Each line from the one containing "2Pcs Silicone Bean" to the end of the entries below is to be set down exactly; the pictures are not.

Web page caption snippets

┄┄┄┄┄┄┄┄┄┄

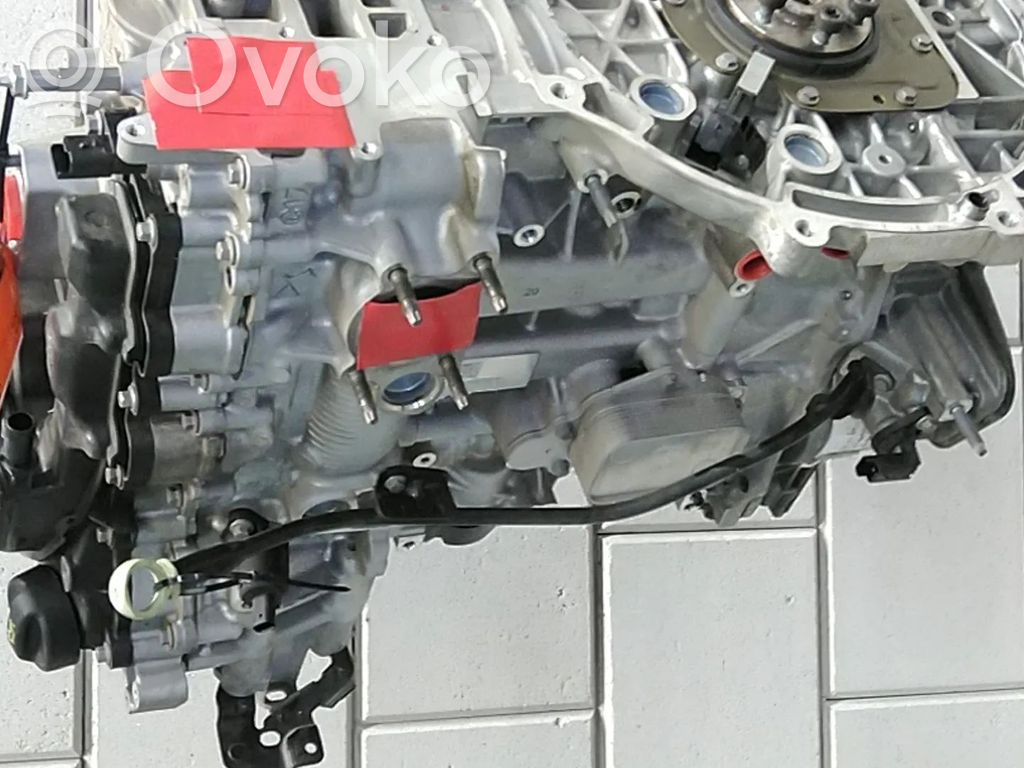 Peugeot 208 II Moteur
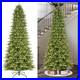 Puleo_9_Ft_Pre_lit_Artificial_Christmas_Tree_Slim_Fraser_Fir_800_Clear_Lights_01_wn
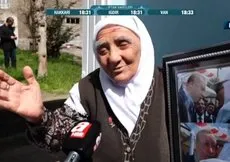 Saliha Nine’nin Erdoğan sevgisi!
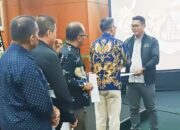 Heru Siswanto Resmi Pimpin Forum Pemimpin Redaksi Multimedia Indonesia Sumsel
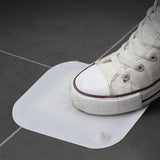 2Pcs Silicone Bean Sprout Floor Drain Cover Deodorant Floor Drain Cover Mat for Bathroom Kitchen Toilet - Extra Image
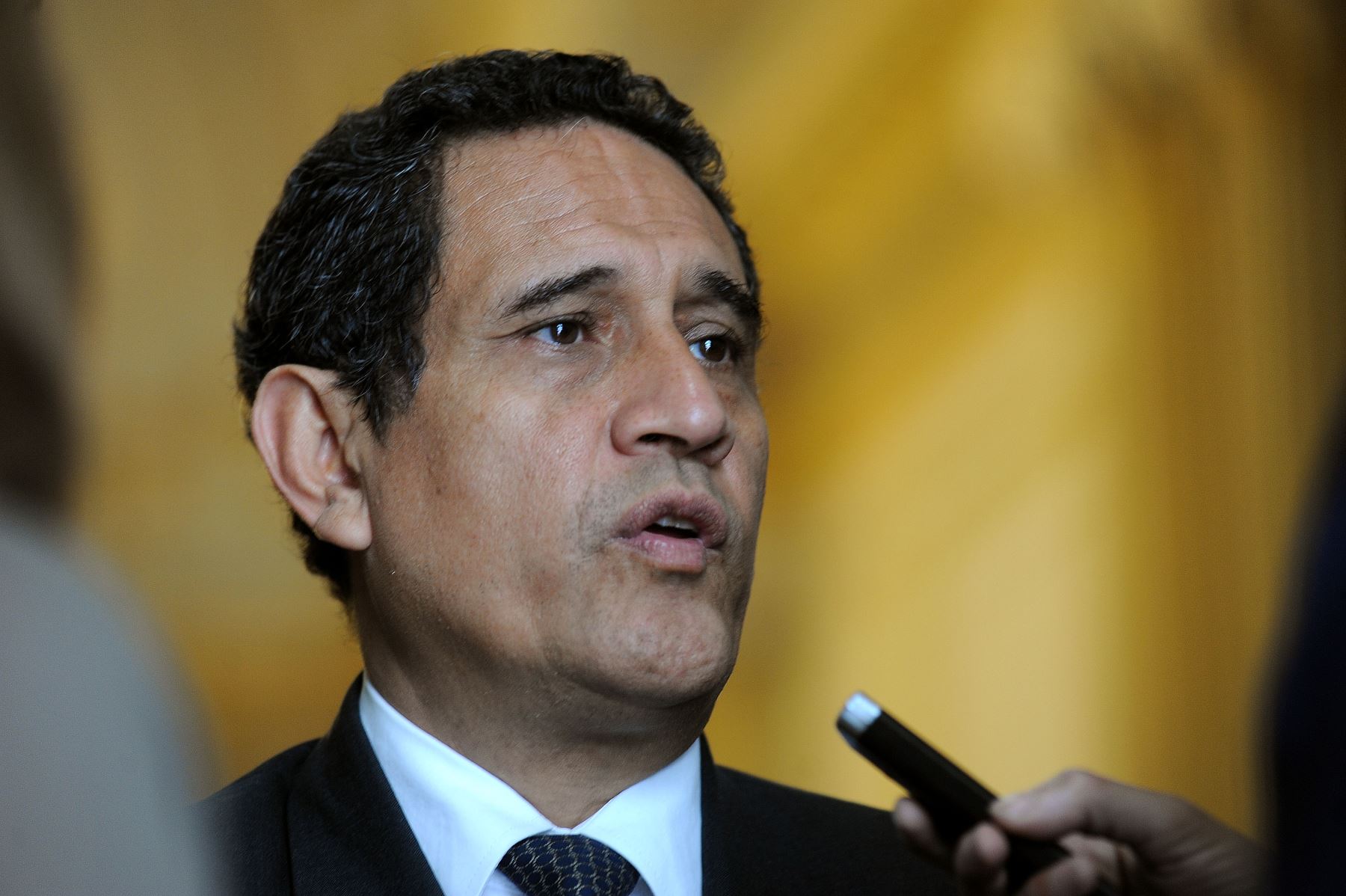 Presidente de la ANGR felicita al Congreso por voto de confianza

┄┄┄┄┄┄┄┄┄┄

Your response
 2Pcs Silicone Bean Sprout Floor Drain Cover Deodorant Floor Drain Cover Mat for Bathroom Kitchen Toilet - Extra Image
 Presidente de la ANGR felicita al Congreso por voto de confianza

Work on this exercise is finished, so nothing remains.